Supplied information:
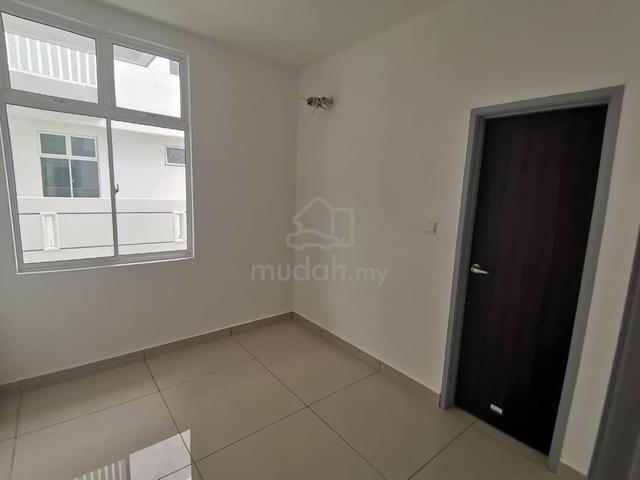 Taman Mutiara Mas (3 storey semi d) 5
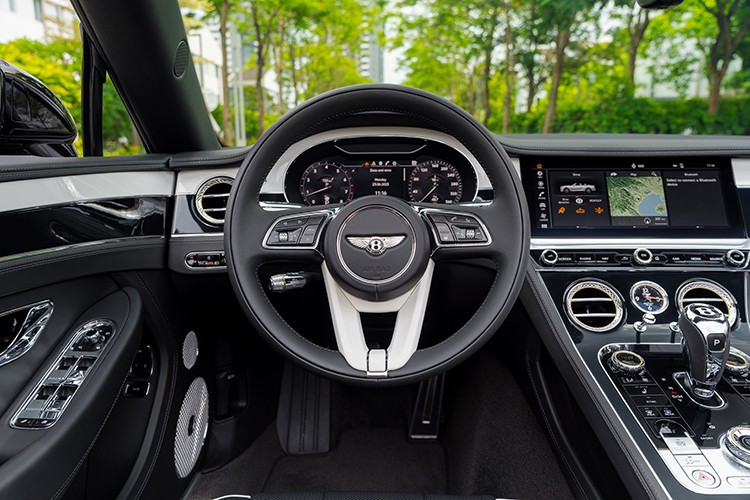 Chưa dừng lại đó, 1 số công trình rất nổi bật ở Việt Nam như quần thể di tích Văn Miếu - Quốc Tử Giám, Nhà hát lớn Hà Nội - biểu tượng của thủ đô ngàn năm văn hiến, cầu Rồng - biểu tượng văn hóa của Đà Nẵng, hay các tòa nhà cao tầng Bitexco, Landmark 81 và Vietcombank - minh chứng của một TP.HCM phát triển bậc nhất cũng được khéo léo khắc họa tinh tế.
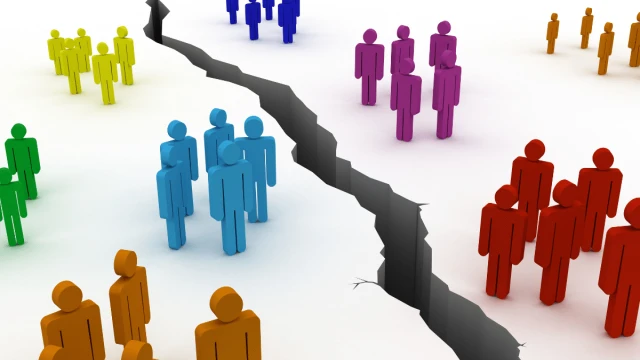 Tanrı kimin mahallesinde?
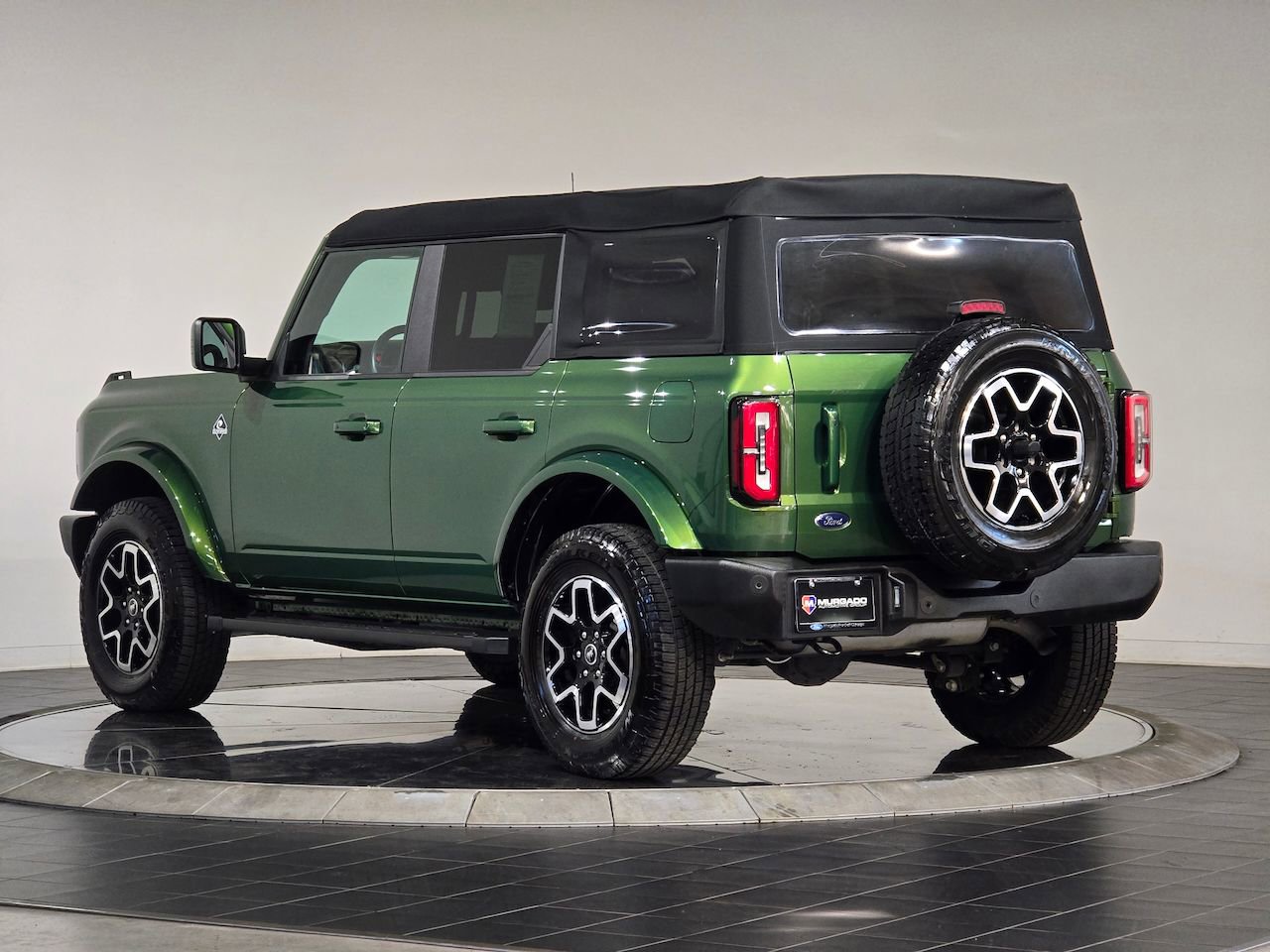 Used 2023 Ford Bronco Outer Banks image 8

What to do:
Print all the lines above again exactly, without any pictures.

Problem solution:
 Taman Mutiara Mas (3 storey semi d) 5
 Chưa dừng lại đó, 1 số công trình rất nổi bật ở Việt Nam như quần thể di tích Văn Miếu - Quốc Tử Giám, Nhà hát lớn Hà Nội - biểu tượng của thủ đô ngàn năm văn hiến, cầu Rồng - biểu tượng văn hóa của Đà Nẵng, hay các tòa nhà cao tầng Bitexco, Landmark 81 và Vietcombank - minh chứng của một TP.HCM phát triển bậc nhất cũng được khéo léo khắc họa tinh tế.
 Tanrı kimin mahallesinde?
 Used 2023 Ford Bronco Outer Banks image 8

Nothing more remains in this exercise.